SAINT PHILIP (c. 5 - 80). Philip was from Bethsaida, the same city as Andrew and Peter. He was among the first apostles to meet Jesus, who said to him: “Follow me”. That first encounter left its mark on the heart of Philip, who as soon as he saw Nathanael (i.e. Bartholomew), told him enthusiastically: “We have found him of whom Moses in the Law and also the prophets wrote, Jesus of Nazareth, the son of Joseph.” And it is significant that to that first scepticism of his friend (“Can anything good come out of Nazareth?” Bartholomew asked), Philip immediately replied: “Come and see”. (Jn 1, 43-51).
He was then quoted in the dialogue with Jesus on the occasion of the multiplication of the loaves and fishes (Jn 6:1-15). At the Last Supper, while the Son of God is gradually revealing the Trinitarian mystery (in which the apostles will be able to enter only after the Resurrection and receiving the Holy Spirit), it is Philip who asks: “Lord, show us the Father and that is enough for us”. Jesus' answer is well known: “For a long time I have been with you and you have not known me, Philip? He who has seen me has seen the Father”.
After Pentecost, Philip crossed Asia Minor and, according to some apocryphal sources (taken from the Golden Legend of Jacopo da Varagine), he went on to evangelize Scythia. What is certain is that the first Christians already attested his death and burial in Hierapolis, in Phrygia. And it is here that between 2008 and 2015 Italian archaeologists identified the remains of a basilica built around the tomb of the apostle, with numerous inscriptions attesting to the ancient cult attributed to him. In Hierapolis, a city that housed a pagan oracle, Philip made many conversions and died a martyr, nailed upside down to a tree or an X-shaped cross.
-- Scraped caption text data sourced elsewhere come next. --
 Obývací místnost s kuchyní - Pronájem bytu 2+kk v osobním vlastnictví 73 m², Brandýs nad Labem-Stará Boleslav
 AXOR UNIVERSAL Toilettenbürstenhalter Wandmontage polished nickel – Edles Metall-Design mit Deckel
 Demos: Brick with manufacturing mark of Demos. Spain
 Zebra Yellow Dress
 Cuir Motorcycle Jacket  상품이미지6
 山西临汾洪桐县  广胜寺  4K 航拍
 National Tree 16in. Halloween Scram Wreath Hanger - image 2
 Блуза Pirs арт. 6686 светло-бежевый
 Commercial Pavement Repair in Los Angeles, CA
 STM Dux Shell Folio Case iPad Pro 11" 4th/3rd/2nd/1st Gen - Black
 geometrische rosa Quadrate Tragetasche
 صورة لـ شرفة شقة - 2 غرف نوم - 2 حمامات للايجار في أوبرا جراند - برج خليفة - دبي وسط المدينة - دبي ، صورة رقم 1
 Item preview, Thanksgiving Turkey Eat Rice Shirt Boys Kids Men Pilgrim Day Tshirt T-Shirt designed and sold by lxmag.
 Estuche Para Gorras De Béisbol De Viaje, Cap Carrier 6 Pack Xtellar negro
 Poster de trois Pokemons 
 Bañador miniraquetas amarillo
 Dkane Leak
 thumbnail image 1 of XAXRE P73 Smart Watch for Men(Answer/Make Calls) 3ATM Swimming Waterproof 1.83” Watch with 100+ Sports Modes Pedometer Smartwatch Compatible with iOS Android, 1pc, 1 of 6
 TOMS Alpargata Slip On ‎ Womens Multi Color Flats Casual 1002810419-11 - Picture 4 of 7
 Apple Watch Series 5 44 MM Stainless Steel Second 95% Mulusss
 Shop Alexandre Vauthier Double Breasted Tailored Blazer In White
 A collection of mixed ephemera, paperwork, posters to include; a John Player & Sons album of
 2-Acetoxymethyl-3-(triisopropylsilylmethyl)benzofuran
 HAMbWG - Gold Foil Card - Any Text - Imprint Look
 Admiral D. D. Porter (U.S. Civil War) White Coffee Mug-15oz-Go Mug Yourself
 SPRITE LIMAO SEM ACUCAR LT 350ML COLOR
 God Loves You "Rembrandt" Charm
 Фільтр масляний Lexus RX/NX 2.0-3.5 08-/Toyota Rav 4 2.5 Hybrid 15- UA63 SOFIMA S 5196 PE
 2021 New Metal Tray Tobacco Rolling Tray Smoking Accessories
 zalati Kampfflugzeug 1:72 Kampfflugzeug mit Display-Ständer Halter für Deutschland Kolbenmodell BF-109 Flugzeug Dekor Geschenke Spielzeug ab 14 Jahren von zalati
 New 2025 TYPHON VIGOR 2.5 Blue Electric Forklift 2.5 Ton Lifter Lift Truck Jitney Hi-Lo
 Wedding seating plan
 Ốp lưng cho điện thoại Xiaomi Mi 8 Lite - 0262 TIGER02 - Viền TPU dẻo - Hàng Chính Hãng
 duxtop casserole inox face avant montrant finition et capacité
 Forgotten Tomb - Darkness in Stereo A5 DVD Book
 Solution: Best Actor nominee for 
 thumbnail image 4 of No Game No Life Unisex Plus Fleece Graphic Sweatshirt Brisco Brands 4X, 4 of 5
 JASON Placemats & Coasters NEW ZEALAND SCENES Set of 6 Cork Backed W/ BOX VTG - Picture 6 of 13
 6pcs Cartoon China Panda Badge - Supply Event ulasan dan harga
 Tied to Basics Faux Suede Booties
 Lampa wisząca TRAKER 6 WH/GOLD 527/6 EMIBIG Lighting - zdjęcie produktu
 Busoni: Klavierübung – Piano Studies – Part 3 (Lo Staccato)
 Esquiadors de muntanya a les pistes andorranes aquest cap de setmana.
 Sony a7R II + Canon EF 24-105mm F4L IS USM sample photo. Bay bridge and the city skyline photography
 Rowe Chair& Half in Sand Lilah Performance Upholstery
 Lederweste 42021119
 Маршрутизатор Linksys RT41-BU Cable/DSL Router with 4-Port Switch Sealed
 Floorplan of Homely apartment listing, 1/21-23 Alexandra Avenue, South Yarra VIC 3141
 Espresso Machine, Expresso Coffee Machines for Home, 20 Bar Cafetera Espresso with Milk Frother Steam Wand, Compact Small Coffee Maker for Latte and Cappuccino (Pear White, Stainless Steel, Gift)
SAINT JAMES THE LESSER (c. 5-62). He is so called to distinguish him from James the Elder, brother of Saint John the Evangelist and martyred around 44. From the New Testament we learn that he was the son of Alphaeus, father also of another apostle, St Judas Thaddeus. The historian Hegesippus (c. 110-180) reports that Alphaeus was the brother of Saint Joseph and therefore James was a cousin of Jesus: in this sense Paul calls him “brother of the Lord” (Gal 1:19; see also Mt 13:55 and Acts 12:17), according to an expression often present in the Old Testament to indicate close relatives. On the basis of the traditional Catholic interpretation - corroborated by the comparison between the Holy Scriptures and the texts of some ancient authors such as the already mentioned Hegesippus and Flavius Josephus (c. 37-100) - James the Lesser and James the Just, first bishop of Jerusalem, are the same person.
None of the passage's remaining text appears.